Task objective = Lines from the one containing "4styles Champagne Bridesmaid" to the end of the records, both ends included and exactly as written, are the whole answer, and no pictures go in it.
▬▬▬▬▬▬▬▬▬▬
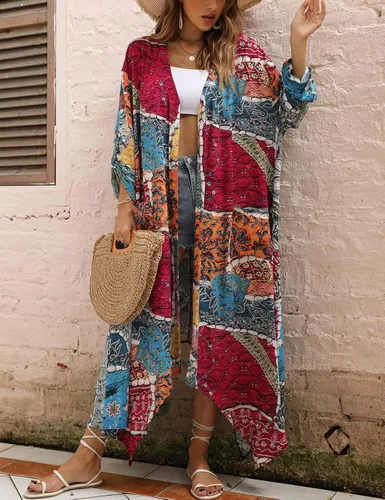 Vista 5 de Eddoyee Traje de baño largo con estampado frontal abierto para mujer, sexy, para playa, kimono, cárdigans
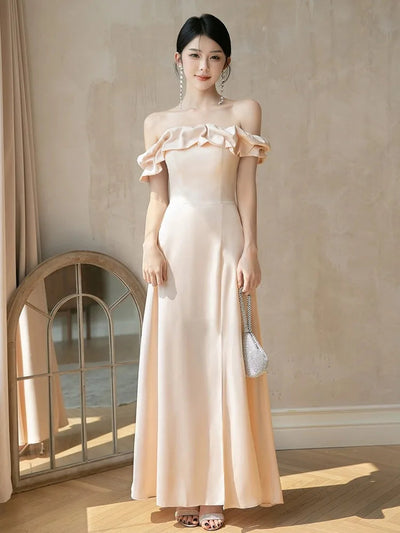 4styles Champagne Bridesmaid Dress Women's Elegant Satin Ruffles Design Off Shoulder Ankle Length Wedding Party Guest Vestido
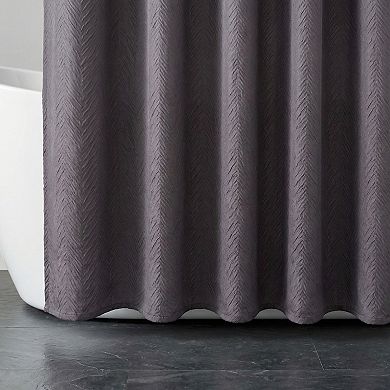 3D Embossed Shower Curtain, Waterproof Washable Fabric, Modern Soft Shower Curtain Set with 12 Hooks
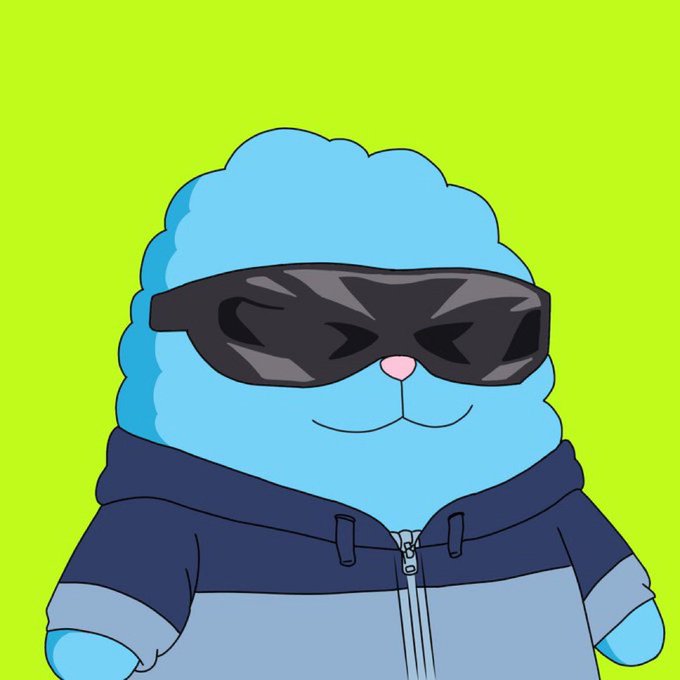 A cartoon illustration of a blue fluffy character wearing dark sunglasses and a blue and gray hoodie against a bright yellow-green background.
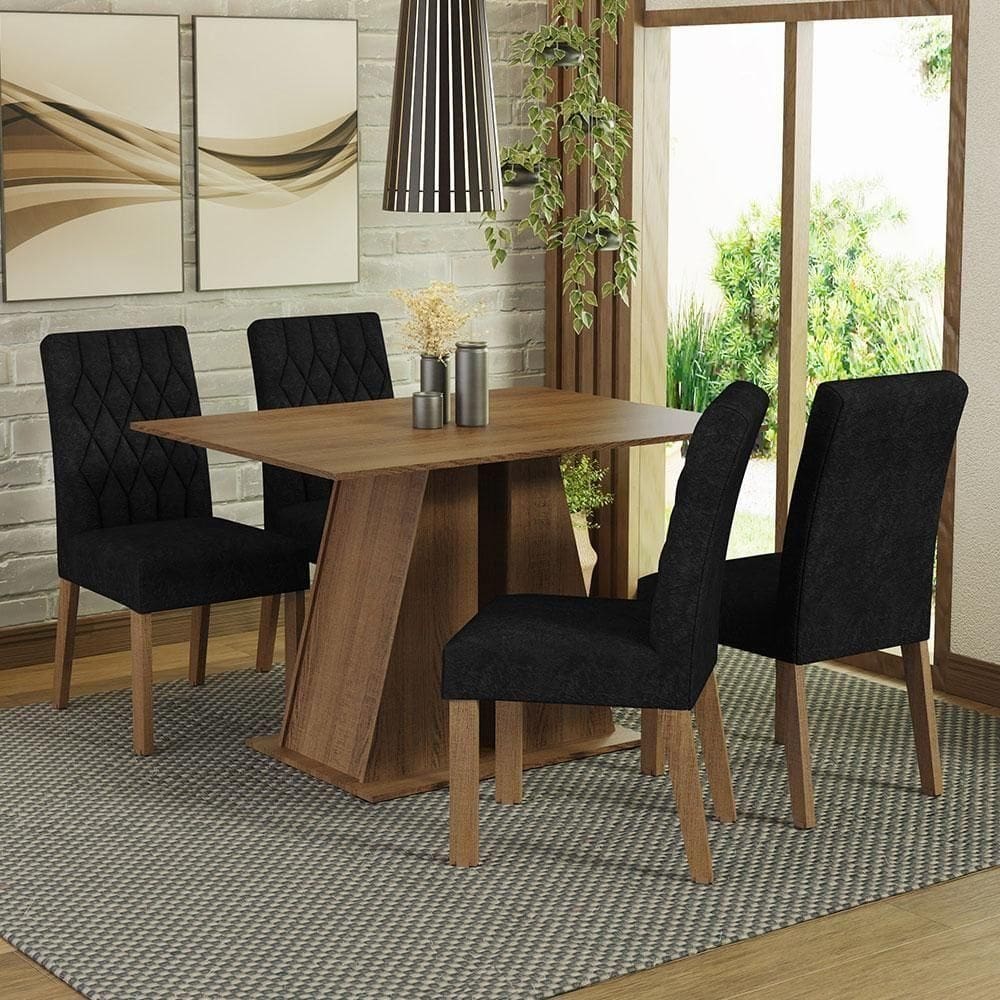 Conjunto Sala De Jantar Mesa Tampo De Madeira 4 Cadeiras Gisele Madesa Rustic/oxford
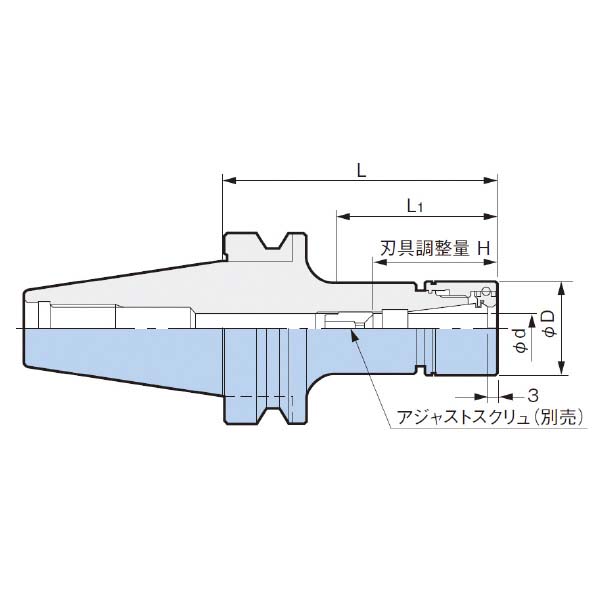 大昭和精機:ニューベビーチャック/ナットなし BT40-NBS10-90NL 工具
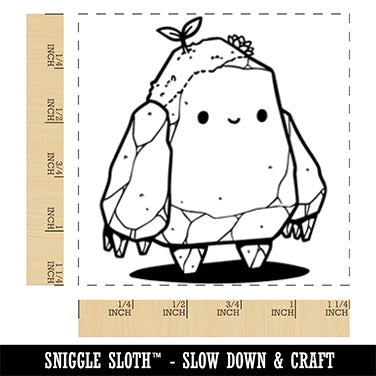 Cute Stone Golem Rocks Square Rubber Stamp for Stamping Crafting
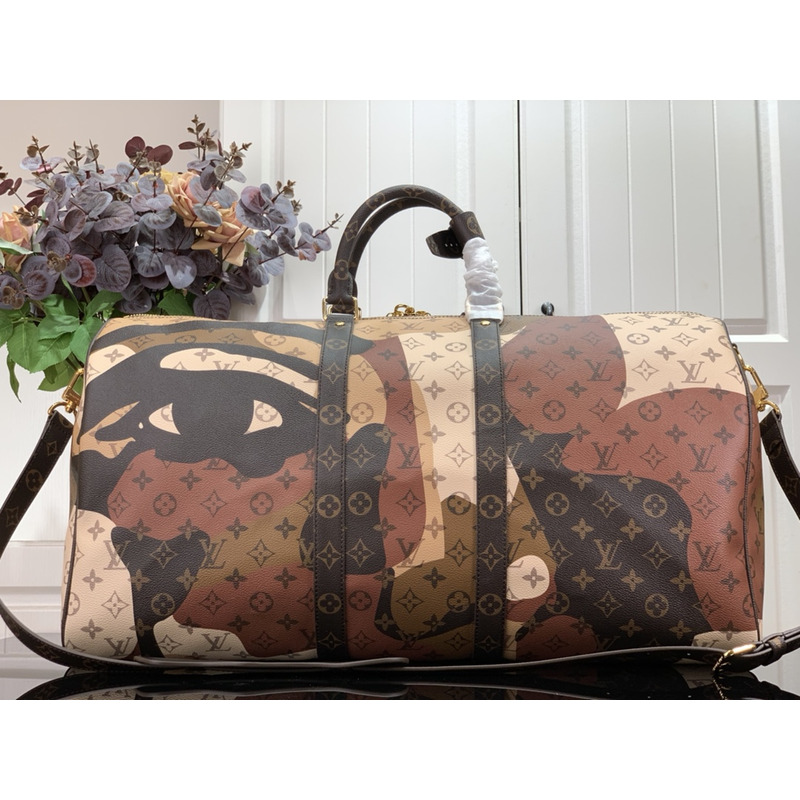 l**is V*t*n keepall bandoulière 55 woven letter-coated canvas and leather luggage bag multicolor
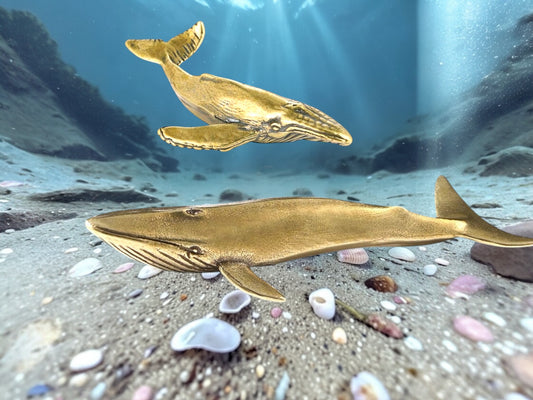 Brass Mini Whale Collectible Figurines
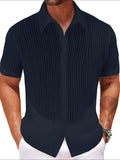 Men's Plus Size Button Down Short Sleeve Shirt - Trendsi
▬▬▬▬▬▬▬▬▬▬
Output for this exercise =
 4styles Champagne Bridesmaid Dress Women's Elegant Satin Ruffles Design Off Shoulder Ankle Length Wedding Party Guest Vestido
 3D Embossed Shower Curtain, Waterproof Washable Fabric, Modern Soft Shower Curtain Set with 12 Hooks
 A cartoon illustration of a blue fluffy character wearing dark sunglasses and a blue and gray hoodie against a bright yellow-green background.
 Conjunto Sala De Jantar Mesa Tampo De Madeira 4 Cadeiras Gisele Madesa Rustic/oxford
 大昭和精機:ニューベビーチャック/ナットなし BT40-NBS10-90NL 工具
 Cute Stone Golem Rocks Square Rubber Stamp for Stamping Crafting
 l**is V*t*n keepall bandoulière 55 woven letter-coated canvas and leather luggage bag multicolor
 Brass Mini Whale Collectible Figurines
 Men's Plus Size Button Down Short Sleeve Shirt - Trendsi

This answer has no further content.